İhsân kavramı ise; iyilik etmek ve
iyi davranmak, iyi ve güzel fiil işlemek, bir işi, bir fiili ve bir görevi en
iyi bir şekilde ve hakkıyla yapmak anlamlarında kullanılıyormuş. Sözlükte
"istemek, önemsemek ve (özel olarak) ilgilenmek" anlamlarına gelen
inâyet, Kur'anda yaratıcının kâinat ve âlem hakkında küllî bilgisini ve
takdirini, yardım, lütuf ve ihsanını ifade etmekte imiş.

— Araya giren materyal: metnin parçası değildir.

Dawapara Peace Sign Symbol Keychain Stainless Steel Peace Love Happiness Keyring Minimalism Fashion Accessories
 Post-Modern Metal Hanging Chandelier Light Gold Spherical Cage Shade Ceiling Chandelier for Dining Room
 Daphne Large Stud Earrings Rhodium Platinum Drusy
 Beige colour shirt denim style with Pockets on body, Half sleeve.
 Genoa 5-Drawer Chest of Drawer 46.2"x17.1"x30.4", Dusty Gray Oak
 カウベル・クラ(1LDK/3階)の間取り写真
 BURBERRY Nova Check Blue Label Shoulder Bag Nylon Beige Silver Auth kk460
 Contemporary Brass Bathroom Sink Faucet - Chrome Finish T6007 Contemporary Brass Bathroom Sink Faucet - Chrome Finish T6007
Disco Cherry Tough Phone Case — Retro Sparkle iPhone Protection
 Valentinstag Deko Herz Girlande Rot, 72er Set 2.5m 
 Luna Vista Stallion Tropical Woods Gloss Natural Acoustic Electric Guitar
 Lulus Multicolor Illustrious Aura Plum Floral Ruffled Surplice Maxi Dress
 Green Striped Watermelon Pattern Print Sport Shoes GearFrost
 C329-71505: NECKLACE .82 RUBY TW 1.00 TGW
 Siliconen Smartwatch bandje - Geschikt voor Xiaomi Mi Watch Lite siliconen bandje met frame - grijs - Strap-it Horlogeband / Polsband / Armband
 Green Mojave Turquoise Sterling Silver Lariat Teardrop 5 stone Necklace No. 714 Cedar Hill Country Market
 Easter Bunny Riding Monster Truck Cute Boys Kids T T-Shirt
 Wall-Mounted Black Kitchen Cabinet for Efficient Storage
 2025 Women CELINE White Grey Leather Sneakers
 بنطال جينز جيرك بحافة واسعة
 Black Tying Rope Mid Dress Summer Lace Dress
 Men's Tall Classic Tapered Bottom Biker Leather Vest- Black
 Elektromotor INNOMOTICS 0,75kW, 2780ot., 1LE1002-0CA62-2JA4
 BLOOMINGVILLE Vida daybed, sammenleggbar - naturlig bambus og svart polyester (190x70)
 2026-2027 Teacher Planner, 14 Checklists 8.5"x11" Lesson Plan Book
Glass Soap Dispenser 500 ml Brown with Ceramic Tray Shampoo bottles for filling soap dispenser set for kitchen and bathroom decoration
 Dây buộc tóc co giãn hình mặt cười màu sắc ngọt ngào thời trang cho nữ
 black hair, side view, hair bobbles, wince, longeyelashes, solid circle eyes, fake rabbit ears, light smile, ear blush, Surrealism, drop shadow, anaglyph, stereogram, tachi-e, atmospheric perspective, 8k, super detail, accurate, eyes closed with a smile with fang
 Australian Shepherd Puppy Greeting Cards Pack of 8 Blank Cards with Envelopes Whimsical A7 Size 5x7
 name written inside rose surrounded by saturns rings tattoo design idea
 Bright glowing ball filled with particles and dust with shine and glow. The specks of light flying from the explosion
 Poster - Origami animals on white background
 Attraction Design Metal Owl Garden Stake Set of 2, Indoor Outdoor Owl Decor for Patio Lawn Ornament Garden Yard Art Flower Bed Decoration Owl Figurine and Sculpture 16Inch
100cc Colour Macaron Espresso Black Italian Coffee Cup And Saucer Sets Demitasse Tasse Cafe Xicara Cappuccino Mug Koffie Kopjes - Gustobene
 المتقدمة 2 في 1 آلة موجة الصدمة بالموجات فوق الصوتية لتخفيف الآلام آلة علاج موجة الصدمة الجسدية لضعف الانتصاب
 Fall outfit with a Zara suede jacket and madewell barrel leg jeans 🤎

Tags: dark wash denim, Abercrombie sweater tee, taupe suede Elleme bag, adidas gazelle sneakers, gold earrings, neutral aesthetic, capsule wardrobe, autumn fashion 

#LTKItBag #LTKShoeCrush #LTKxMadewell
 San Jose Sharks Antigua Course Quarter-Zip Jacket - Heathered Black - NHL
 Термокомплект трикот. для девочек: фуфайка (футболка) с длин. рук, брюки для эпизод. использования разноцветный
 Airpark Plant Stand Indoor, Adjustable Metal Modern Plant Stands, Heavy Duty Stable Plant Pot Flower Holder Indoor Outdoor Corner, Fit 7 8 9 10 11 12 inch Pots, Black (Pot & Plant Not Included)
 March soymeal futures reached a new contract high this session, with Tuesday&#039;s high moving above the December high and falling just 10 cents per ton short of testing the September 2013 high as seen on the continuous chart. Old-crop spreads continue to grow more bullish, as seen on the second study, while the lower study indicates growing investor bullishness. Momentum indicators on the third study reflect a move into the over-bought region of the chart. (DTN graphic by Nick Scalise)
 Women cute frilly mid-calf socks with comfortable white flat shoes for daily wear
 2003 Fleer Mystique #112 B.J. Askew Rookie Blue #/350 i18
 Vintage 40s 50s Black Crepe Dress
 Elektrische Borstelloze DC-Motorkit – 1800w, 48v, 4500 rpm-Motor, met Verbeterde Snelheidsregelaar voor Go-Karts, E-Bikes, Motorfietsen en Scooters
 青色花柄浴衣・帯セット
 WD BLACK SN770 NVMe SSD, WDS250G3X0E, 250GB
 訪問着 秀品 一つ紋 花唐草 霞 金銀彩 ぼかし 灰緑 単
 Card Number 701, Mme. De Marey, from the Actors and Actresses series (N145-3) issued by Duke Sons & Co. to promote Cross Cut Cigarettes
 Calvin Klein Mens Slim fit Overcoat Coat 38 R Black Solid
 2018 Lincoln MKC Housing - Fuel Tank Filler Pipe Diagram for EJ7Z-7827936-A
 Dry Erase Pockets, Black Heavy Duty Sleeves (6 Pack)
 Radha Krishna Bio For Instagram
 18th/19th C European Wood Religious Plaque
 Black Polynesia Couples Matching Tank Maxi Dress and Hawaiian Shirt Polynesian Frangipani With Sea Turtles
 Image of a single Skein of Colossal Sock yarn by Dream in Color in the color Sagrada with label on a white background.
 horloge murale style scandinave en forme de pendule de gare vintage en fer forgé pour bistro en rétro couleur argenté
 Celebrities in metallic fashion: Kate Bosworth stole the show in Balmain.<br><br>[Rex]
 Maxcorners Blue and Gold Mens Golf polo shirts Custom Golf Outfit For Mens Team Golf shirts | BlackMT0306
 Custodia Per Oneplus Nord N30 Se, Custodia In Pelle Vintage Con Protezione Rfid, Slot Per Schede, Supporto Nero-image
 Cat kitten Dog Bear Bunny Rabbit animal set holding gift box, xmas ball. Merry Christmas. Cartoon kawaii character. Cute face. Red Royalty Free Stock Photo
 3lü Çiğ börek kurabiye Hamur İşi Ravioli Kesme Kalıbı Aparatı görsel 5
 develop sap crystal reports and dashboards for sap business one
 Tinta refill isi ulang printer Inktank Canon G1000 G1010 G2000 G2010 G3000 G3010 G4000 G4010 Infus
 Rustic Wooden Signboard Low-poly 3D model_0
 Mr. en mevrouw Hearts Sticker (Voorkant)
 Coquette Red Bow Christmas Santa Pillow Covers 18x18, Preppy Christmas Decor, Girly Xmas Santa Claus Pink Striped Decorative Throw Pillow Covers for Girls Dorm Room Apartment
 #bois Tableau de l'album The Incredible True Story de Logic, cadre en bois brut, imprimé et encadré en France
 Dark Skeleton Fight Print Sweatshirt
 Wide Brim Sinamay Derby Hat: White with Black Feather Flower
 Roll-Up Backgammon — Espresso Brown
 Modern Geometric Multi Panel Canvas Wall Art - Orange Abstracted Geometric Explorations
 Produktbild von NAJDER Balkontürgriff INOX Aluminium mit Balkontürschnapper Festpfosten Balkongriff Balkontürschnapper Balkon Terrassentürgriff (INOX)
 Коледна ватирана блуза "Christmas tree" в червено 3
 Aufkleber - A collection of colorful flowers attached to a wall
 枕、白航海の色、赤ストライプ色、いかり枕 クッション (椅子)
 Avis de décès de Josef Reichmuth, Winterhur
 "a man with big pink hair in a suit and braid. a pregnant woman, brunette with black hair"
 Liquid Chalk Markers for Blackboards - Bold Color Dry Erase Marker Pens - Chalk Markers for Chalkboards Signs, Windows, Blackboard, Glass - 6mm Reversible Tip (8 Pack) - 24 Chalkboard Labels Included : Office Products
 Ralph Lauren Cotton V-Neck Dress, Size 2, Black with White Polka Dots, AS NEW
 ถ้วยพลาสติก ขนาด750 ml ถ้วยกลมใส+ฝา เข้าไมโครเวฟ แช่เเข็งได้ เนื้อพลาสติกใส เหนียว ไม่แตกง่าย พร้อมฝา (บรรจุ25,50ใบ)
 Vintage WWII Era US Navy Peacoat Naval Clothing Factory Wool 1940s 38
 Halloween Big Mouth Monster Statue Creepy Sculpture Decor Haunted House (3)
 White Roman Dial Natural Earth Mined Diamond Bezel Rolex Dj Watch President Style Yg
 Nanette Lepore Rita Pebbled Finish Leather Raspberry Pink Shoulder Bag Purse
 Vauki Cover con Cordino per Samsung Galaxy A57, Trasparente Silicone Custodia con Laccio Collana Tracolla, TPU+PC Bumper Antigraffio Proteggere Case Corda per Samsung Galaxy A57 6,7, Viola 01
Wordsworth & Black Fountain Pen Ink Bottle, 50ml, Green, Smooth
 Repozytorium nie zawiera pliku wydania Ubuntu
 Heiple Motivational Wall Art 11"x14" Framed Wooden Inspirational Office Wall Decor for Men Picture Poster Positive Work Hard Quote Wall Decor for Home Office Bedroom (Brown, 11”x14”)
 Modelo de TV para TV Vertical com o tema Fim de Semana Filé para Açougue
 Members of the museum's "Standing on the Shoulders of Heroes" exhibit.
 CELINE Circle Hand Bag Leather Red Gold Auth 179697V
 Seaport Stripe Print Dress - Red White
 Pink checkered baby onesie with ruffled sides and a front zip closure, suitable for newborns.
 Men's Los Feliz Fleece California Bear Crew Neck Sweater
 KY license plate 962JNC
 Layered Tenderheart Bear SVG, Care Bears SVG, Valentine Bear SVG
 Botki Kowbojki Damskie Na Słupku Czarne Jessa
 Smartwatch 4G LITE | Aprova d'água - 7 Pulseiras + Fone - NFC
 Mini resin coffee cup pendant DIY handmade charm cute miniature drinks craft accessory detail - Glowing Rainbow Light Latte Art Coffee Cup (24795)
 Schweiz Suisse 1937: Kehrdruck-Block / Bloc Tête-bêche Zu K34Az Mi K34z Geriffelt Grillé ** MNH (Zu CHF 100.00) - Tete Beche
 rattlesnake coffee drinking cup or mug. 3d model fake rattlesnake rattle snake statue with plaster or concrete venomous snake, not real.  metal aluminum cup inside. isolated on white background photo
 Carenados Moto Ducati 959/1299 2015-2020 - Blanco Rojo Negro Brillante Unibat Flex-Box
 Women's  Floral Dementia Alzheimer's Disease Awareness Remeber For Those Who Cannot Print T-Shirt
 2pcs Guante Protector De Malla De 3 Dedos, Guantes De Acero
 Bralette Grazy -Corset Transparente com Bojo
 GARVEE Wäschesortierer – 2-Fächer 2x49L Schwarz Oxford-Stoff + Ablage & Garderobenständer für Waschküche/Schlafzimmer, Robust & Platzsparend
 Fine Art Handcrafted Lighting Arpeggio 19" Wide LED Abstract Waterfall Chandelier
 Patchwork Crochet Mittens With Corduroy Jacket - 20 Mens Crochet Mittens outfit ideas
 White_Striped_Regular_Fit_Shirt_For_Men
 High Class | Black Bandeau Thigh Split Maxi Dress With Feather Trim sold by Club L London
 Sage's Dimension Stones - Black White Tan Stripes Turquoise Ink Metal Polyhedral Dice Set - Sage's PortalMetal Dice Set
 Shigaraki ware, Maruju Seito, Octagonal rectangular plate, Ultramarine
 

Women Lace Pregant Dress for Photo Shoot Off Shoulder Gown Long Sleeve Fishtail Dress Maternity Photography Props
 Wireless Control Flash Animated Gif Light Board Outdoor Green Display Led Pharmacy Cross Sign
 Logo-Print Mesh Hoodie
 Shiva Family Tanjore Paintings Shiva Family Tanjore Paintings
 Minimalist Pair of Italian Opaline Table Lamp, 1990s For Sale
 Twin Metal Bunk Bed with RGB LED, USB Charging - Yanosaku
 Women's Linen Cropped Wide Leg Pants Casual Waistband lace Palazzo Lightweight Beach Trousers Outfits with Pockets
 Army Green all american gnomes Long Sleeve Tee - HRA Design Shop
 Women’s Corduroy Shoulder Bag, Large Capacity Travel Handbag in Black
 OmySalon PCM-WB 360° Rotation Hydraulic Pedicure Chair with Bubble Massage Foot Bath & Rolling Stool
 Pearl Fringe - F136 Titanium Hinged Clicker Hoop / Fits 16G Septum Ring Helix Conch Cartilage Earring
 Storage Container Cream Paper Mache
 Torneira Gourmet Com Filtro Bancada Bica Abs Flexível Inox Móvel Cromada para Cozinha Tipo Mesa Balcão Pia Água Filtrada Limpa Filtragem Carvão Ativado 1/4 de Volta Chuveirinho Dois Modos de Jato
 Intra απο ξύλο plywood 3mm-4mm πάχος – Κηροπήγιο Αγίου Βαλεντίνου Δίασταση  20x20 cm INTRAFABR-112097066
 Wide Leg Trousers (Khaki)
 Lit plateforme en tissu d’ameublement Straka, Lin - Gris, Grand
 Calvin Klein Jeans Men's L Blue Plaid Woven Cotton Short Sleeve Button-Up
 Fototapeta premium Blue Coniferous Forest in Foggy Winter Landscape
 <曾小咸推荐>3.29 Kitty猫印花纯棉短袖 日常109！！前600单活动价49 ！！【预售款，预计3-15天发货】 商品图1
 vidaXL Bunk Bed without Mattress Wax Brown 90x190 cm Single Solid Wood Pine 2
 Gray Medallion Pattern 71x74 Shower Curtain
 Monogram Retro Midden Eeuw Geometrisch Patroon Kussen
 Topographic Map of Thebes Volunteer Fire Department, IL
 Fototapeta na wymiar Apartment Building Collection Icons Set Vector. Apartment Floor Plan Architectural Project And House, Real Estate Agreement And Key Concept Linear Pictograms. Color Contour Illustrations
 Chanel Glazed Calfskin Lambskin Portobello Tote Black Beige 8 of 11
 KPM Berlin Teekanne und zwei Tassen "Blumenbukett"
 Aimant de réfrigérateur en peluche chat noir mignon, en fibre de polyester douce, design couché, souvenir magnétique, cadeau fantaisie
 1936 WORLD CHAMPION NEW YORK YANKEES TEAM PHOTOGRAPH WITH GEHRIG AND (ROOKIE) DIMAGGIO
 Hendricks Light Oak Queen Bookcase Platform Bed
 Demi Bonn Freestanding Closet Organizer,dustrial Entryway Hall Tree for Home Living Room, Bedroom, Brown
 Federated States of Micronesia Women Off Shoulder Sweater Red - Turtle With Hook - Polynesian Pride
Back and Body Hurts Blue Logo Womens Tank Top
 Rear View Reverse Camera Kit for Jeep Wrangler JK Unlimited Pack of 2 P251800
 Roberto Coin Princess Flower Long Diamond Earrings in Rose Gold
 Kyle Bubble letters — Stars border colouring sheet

Bu anlamdaki iyiliklerin tümü karşılık gözetmeksizin
yapılıyor. Örneğin alınan borcun karşılığı ödenir. Ama bu borcun verilmesi
sırasında yapılan iyiliğin bedeli olmaz. İşte bu hiçbir karşılık beklemeden,
karşımızdaki insanın ihtiyaçlarını karşılayan bir davranıştır. O halde bu
şekildeki maddi ve manevi yardımlar, verilen sadakalar ve yapılan hayırları da
iyilik olarak sıralayabiliriz. Kişinin kendisi, ailesi, çocukları ve başkaları
için yaptığı fedakârlıklar da böyledir.
İyiliğin kavramsal kökenlerinden bir diğeri olan "Esenlik" ise türkçe bir kelime. Sağlığı yerinde olma, esen
olma, afiyette, selamette olma durumu. Örneğin nasılsın diye sorulduğunda
"iyiyim" deriz. Bu sağlığım yerinde, afiyetteyim, herhangi bir kötü
durumum yok anlamında oluyor.
Yarar veya elverişlilik anlamındaki iyilik ise "nimet" karşılığı yapılmış oluyor. Örneğin; Konfüçyus "Bilgi insanı şüpheden, iyilik
acı çekmekten, kararlı olmak korkudan kurtarır" diyor. İşte, bu manadaki iyilik ise adeta bir kalkan
gibi oluyor. Yapılan kötülüğü bu enerji söndürüyor. Peygamberimiz "Nerede
olursan ol Allah’a karşı gelmekten sakın; yaptığın kötülüğün arkasından bir
iyilik yap ki bu onu yok etsin. İnsanlara karşı güzel ahlakın gereğine göre
davran" diyor. Sadi Şirazî de "Eğer düşmanın sana zarar vermesinden korkuyorsan
iyilikle onun gönlünü bağlamalısın"
demiş. Demek bu yüzden “Bilgi ve iyilik, her kötülüğe sed çeker.” deniliyor.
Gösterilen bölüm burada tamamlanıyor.